Cyclone Winston : une distribution équitable et sans discrimination des secours est essentielle

Les 20 et 21 février, le cyclone tropical de catégorie 5 Winston a dévasté les îles Fidji. Ce cyclone serait le plus puissant ayant jamais touché la région du Pacifique sud.

Il a tout particulièrement frappé la côte nord de Viti Levu, la plus grande île de l’archipel. On dénombre à ce jour 43 décès confirmés dus au cyclone. De plus, 62 000 personnes ont été déplacées et se trouvent actuellement dans 900 centres d’évacuation. Près de deux semaines après le passage du cyclone la situation reste très difficile à Fidji.

Amnesty International se félicite de la réaction rapide et de la collaboration des gouvernements des îles Fidji, de l’Australie et de la Nouvelle-Zélande, et des secours apportés à la population par la France, des agences de l’ONU et des organisations internationales de développement.

La distribution équitable et sans discrimination des secours doit représenter la priorité pour tous ceux qui participent aux opérations d’aide à la population. En particulier, le respect de l’égalité des genres et la prise en compte des besoins spécifiques des femmes, des enfants, des personnes handicapées et des autres groupes marginalisés doivent faire pleinement partie des mesures prises pour faire face aux conséquences du passage du cyclone.

Amnesty International demande instamment que ces mesures soient fondées sur une approche axée sur les droits humains. Les risques d’atteintes aux droits humains sont accrus en raison du très grand nombre de personnes déplacées et vivant dans des centres d’évacuation. Lors de catastrophes naturelles on assiste à une augmentation des violences physiques et sexuelles, et un cas d’agression sexuelle a d’ailleurs déjà été signalé dans le centre d’évacuation de Savusavu.

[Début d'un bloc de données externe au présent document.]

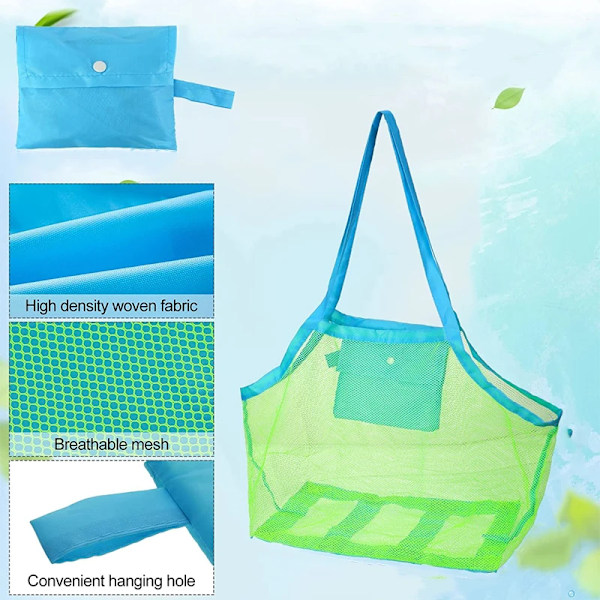 Barn Sand Away Protable Mesh väska Barn Leksaker Förvaringsväskor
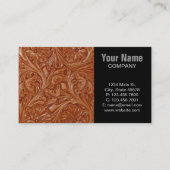 cowboy western landpatroon met gereedschap visitekaartje (Voorkant)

Immédiatement après une catastrophe naturelle, il est absolument nécessaire de veiller au respect des principes internationaux relatifs aux droits humains, car il ne s’agit pas d’un luxe optionnel qui ne doit être pris en compte qu’une fois que l’ordre a été rétabli. Il est capital de garantir la protection des droits humains en temps de crise.

Amnesty International exhorte le gouvernement de Fidji et les autres acteurs participant aux opérations de secours à veiller :

• au respect des droits humains, en particulier au respect des droits non susceptibles de dérogation en situation d’urgence (notamment le droit à la vie et le droit de ne pas être soumis à la torture) ;
• à ce que la transparence et l’obligation de rendre des comptes soient une composante essentielle des projets et mesures engagés, afin que les victimes obtiennent l’aide dont elles ont besoin et que cette aide soit distribuée de manière efficace et équitable et sans discrimination ;
• à la protection et au renforcement du pouvoir d’action des femmes et des groupes marginalisés tels que les enfants, les personnes âgées et les personnes handicapées ;
• à ce que les personnes déplacées soient traitées conformément aux dispositions des Principes directeurs de l’ONU relatifs au déplacement de personnes à l’intérieur de leur propre pays et des autres normes internationales qui garantissent leur protection.